**What you have to do**
Reproduce the listing below from the line with "The eighth point" to the line with "Up top here, I'm", both lines included, character for character, minus any pictures.

**Extracted data**
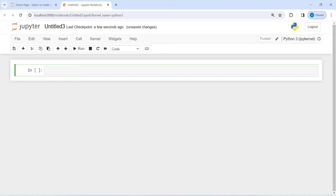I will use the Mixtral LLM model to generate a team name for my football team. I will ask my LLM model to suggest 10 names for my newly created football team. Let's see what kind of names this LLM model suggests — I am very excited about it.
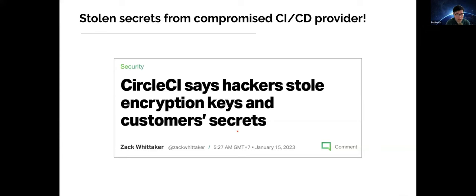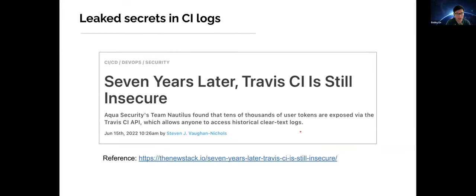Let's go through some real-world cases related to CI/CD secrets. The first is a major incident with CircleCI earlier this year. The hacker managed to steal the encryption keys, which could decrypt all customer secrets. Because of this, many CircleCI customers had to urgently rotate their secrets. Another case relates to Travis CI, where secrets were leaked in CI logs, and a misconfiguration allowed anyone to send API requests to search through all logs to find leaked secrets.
* * *
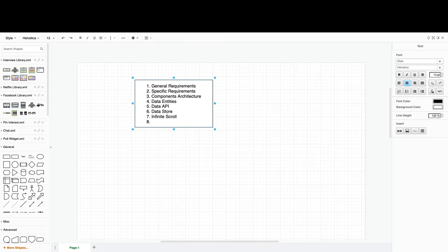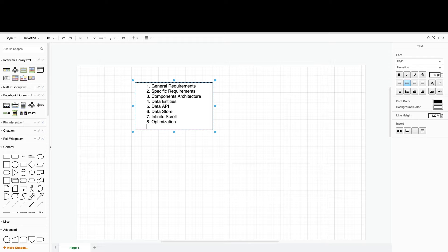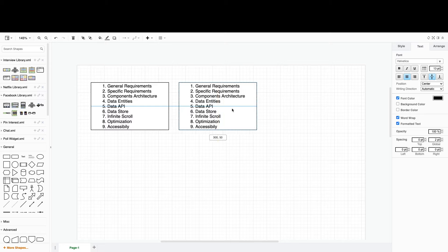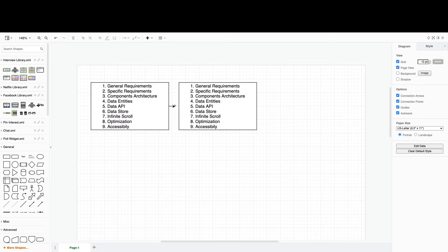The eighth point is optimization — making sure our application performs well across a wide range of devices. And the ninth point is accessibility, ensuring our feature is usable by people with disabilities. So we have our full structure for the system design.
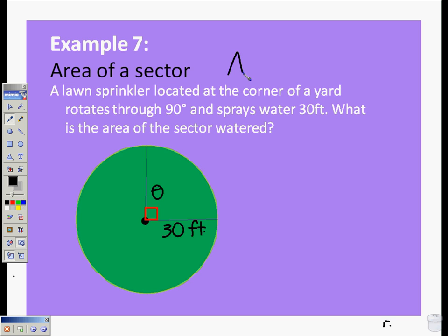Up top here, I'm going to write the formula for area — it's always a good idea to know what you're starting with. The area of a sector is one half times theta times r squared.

**Exercise solution**
The eighth point is optimization — making sure our application performs well across a wide range of devices. And the ninth point is accessibility, ensuring our feature is usable by people with disabilities. So we have our full structure for the system design.
Up top here, I'm going to write the formula for area — it's always a good idea to know what you're starting with. The area of a sector is one half times theta times r squared.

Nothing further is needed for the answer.